Other champions that year were Jeff Prescott of Penn State at 118, with a 14-0 triumph over Iowa’s Chad Zaputil; Scott Collins of West Virginia at 142, by a 8-7 margin over Troy Steiner of Iowa, and Matt Demaray of Wisconsin by 4-3 over Steve Hamilton of Iowa State.

THAT 1991 MEET has special meaning for me in another way. It was the scene for an experiment I tried with two friends – Mike DeAnna, former Hawkeye star, and Bob Steenlage, Iowa’s first four-time state champion and an All-American at West Point.

We wanted to develop an event that would offer fans a gathering spot between sessions of the tournament. We were tired of trying to meet friends in smoke-filled bars or crowded restaurants, or jammed into motel lobbies. We felt other fans would embrace the concept of a general gathering spot between sessions, as well.

That tournament marks the debut of what has become known as the “WIN Memorabilia Show.”

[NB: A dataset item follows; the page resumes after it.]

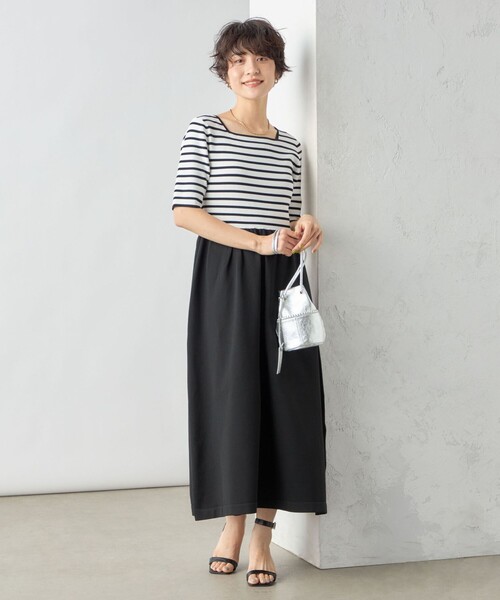 NOLLEY’S Sophi(ノーリーズソフィ)の「《手洗い可能》フィット&ギャザースクエアネックニットワンピース(ワンピース・レディース・ブラック系その他3/ネイビー・38/36)」の17枚目の写真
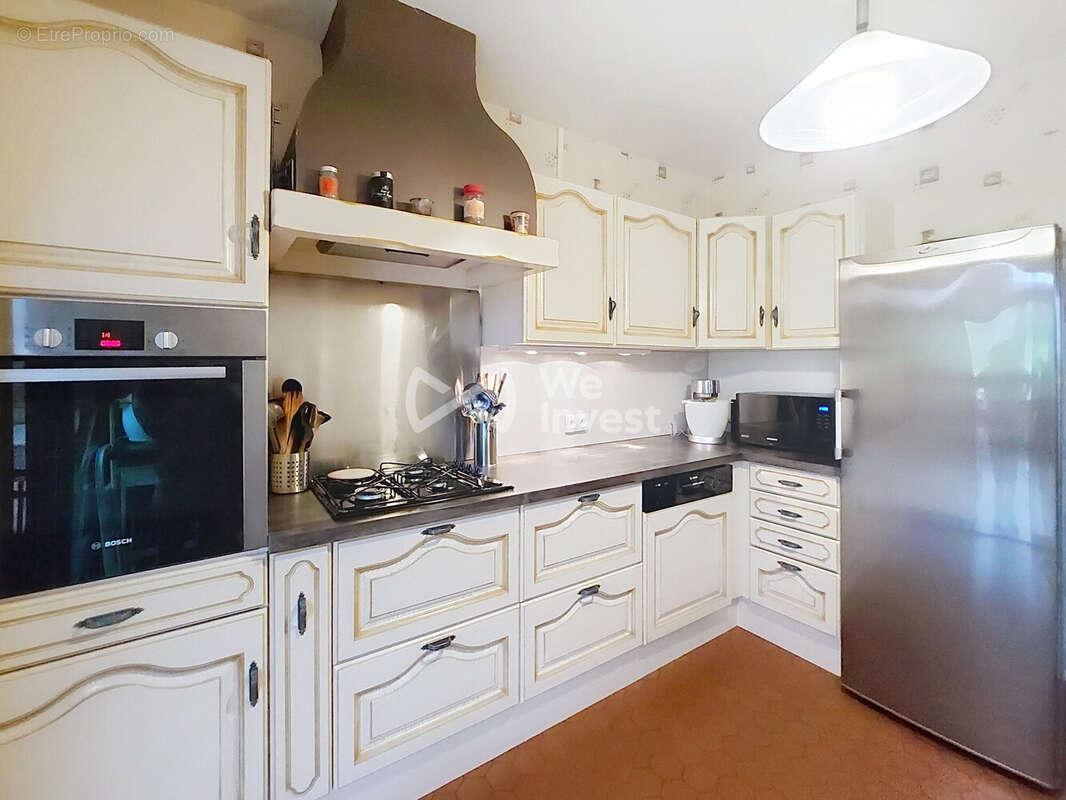 Maison à FONTAINE-LES-VERVINS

We held our first show in the downtown Holiday Inn in Iowa City, and lined up a few guests to sign autographs. I brought several tables worth of rare wrestling items – memorabilia – for display. We advertised as best we could, and about 500 fans showed up over the three days.

That was 20 years ago!

Now, two decades later, the “show” has changed in several ways. Mike DeAnna and Bob Steenlage are no longer involved, but my wife, Bev, and I have been to all 20 in a row! We created WIN magazine in 1995, and the show is now named after that publication. Bryan Van Kley, WIN publisher, is our partner in this grand venture.
Memorabilia is not so evident any more, but we have plenty of companies that come to display their products to the wrestling world. Most years, we have close to 30 vendors and nearly 8,000 fans who attend between sessions to browse, and meet legends like Bruce Baumgartner, Dan Hodge, Yojiro Uetake, and Lee Kemp, and many others. One year, in Cleveland, we had Randy Couture and Kurt Angle sitting 20 feet from each other signing autographs. The line to meet these two legends was unbelievable.

The show has become THE place to go between sessions. It’s a great place to bring your kids, too, as they get to meet some of the sport’s biggest heroes and see what the sport is all about behind the scenes.

This year in Omaha, Bryan secured one of the best spots ever for the show. It will be held in the Hilton Hotel, right across from the Qwest Center where the wrestling takes place.

It will be the 20th Show for my wife Bev and me, and to celebrate we will be offering some very special deals. We hope to see you there!